Well, actually my suggestion at #14 is suitably ambiguous, so it could work also in the situation described by Joan.


----------



## Necsus

Thank you very much for your precious suggestions.
I agree with you about the figurative meaning of _discesa_ and the Mormons, in fact I hadn't understand the reason of that final "from here" before, but now I see that it probably means that her life in NY will be so much easier than the life among Mormons in Utah.


----------



## MStraf

I am not a skier, but I thought that "it's all downhill from here" meant "it is going to be *without any obstacles*", unlike the other alpine events (like slalom). Was I wrong?


----------



## rrose17

Strangely enough I think it can mean both "It's all smooth sailing from here on" i.e. easy without obstacles, or "It's only going to get worse from here on". It depends on the context.

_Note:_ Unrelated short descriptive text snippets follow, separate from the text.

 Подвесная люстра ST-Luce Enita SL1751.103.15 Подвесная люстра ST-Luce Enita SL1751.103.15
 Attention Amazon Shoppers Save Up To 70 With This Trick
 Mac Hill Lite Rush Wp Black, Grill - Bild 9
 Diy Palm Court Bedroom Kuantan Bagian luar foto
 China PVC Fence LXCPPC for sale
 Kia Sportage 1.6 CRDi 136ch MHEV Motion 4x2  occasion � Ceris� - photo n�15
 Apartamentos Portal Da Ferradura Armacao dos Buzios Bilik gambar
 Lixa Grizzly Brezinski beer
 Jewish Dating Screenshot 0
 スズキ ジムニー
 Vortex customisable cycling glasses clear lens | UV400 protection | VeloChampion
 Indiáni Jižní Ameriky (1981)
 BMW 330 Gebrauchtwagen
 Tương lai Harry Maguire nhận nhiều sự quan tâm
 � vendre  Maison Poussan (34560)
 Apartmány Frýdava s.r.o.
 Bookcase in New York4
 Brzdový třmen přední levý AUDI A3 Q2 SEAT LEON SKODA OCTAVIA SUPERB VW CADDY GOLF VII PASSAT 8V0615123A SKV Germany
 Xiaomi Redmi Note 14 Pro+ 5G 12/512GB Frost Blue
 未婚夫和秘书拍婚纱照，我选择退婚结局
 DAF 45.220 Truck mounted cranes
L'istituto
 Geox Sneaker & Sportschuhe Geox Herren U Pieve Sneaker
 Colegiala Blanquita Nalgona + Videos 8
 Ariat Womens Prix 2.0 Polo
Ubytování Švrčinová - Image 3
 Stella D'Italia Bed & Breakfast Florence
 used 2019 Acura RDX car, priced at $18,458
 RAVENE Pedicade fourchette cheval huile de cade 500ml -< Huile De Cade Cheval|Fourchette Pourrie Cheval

In Nexus, you can't really say without more.


----------



## johngiovanni

As KC said, his suggestion is suitably ambiguous.  I am inclined towards Joan's interpretation, and think that KC's translation is the best so far.

(Incidentally, I thought it was a great piece of TV).


----------



## MR1492

Just to be clear about the stage show _Grease_, it was originally based on Chicago's William Howard Taft School. (For our Italian friends, Taft was a President of the USA).  The authors of the story and music went to that school and wrote the musical about their experiences with "the greasers" who were the kids interested in cars.

Phil


----------



## Necsus

Thank you, Phil!


----------